- Education: M.B.A. Wharton School, Bsc. University of Hertfordshire
- Occupations: Chief Product Officer at Reuters, SVP of Business Operations at Disney, VP of Digital Experience at Verizon, SVP of Mobile at Bloomberg L.P., VP & GM of Mobile at ESPN

= Oke Okaro =

Technology executive

Oke Okaro is a technology executive and pioneering innovator in the mobile technology industry. He was the Chief Product Officer at Reuters. Before Reuters, he was Senior Vice President (SVP) of Business Operations at Disney, where he worked for the global technology organization behind Disney's Media and Entertainment brands He founded ESPN Mobile in 2004 and ESPN Interactive TV in 2005. In 2010, he started the mobile business at Bloomberg L.P. In 2015, he founded Burner a wellness technology platform. In 2017, Okaro worked as the VP of Digital Experience at Verizon.

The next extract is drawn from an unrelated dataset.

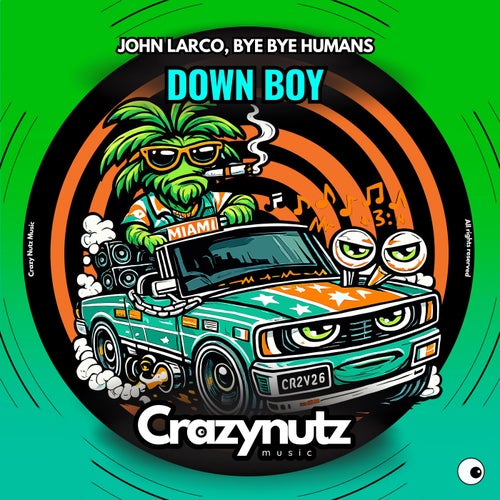 Down Boy (Radio Edit)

Okaro created the first third-party video streaming app for Apple Inc.'s iOS platform with his team at ESPN. He presented the app for ESPN on stage during the IOS 3 release event in 2009. Okaro also created the first iOS app with push notifications which he demonstrated at the iPhone OS 3 release event. Okaro also created the first iOS app to use Apple's subscription service when he launched the Bloomberg Businessweek+ app in April 2011. He was a co-creator of BREW (binary runtime for wireless), the first mobile application development and distribution platform created by Qualcomm. In 2001, Okaro was among the first people in the U.S. to create mobile apps. Okaro has 12 U.S. patents for mobile technology.

== Education ==
Okaro obtained an undergraduate degree in Computer Science from the University of Hertfordshire in 1996, and an MBA from the Wharton School of Business at the University of Pennsylvania in 2002.